* _DATA SHOWN_
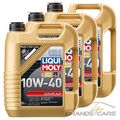 3x 5 L = 15 LITER LIQUI MOLY LEICHTLAUF 10W-40 MOTOR-ÖL MOTOREN-ÖL 32074585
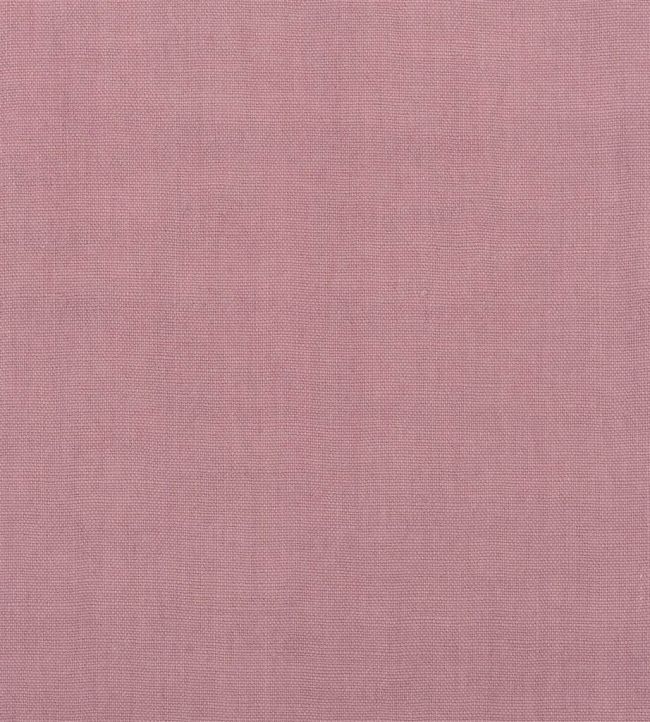 Brera Lino Fabric by Designers Guild Damask Rose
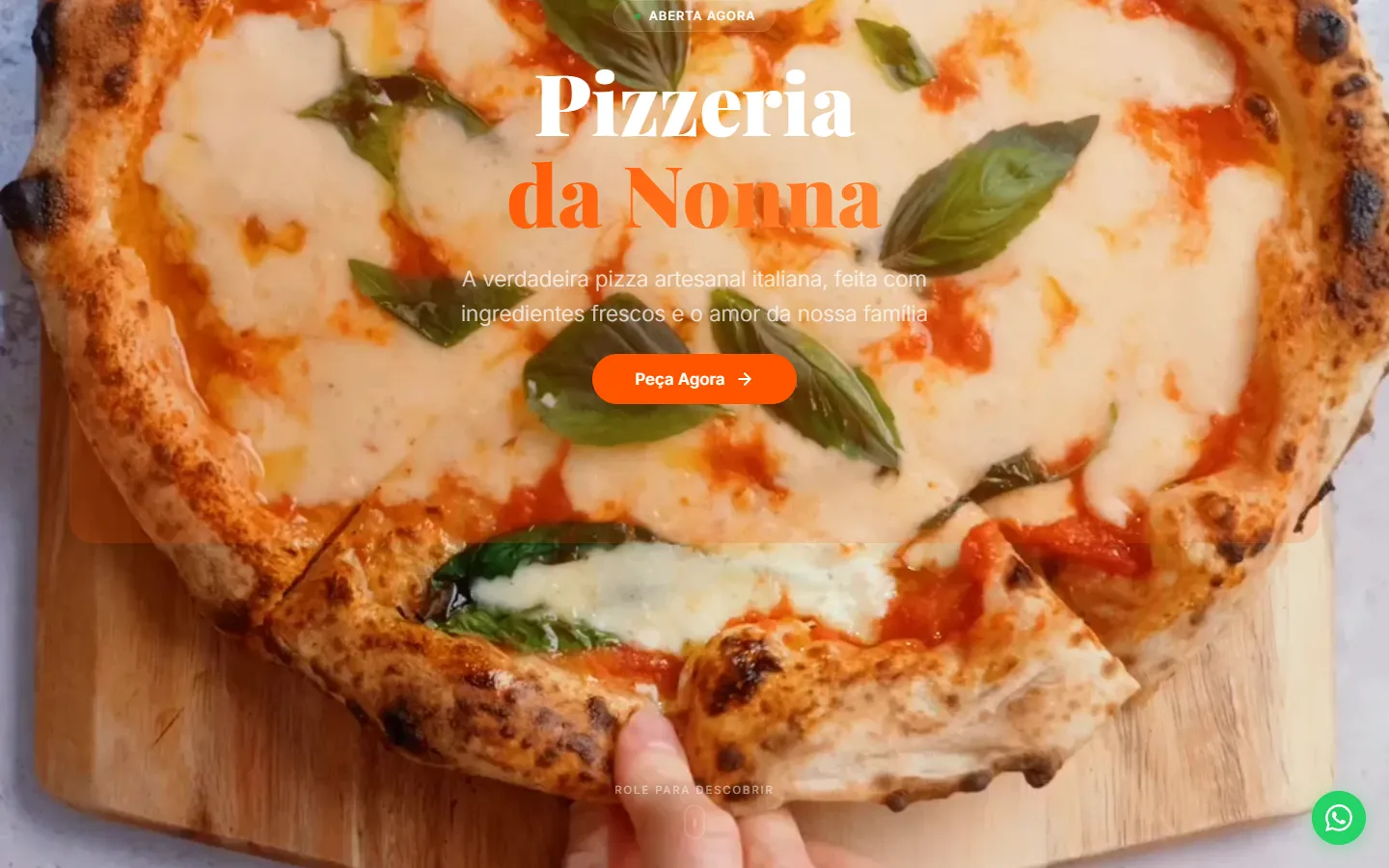 Pizzaria da Nonna
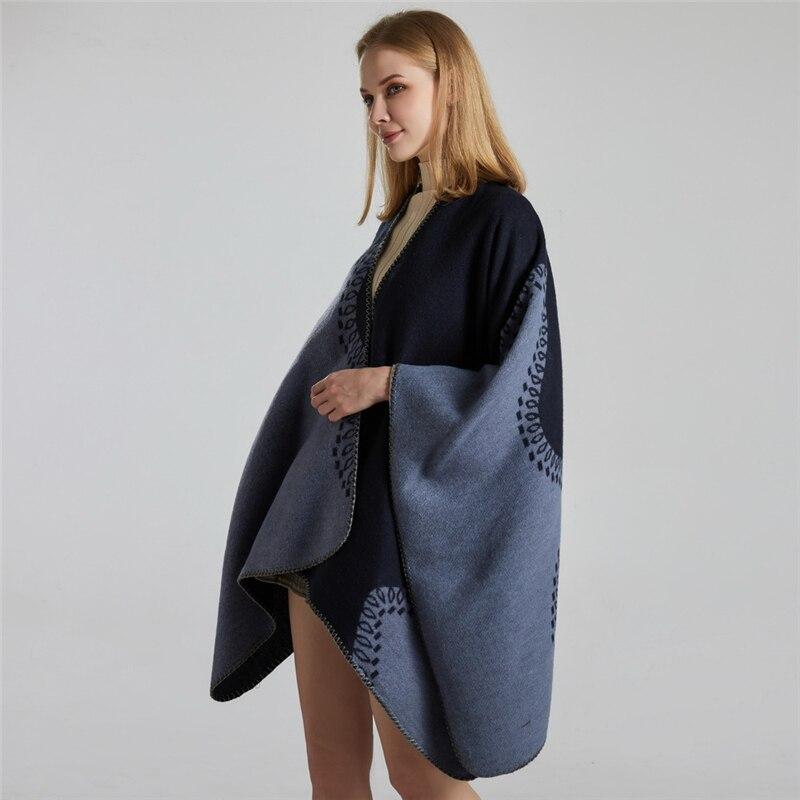 Poncho doux et confortable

* _TASK TO CARRY OUT_
Leave the pictures out, and please copy only the lines from the one with "Brera Lino Fabric" through the end of the listing.

* _OUTPUT FOR THIS EXERCISE_
 Brera Lino Fabric by Designers Guild Damask Rose
 Pizzaria da Nonna
 Poncho doux et confortable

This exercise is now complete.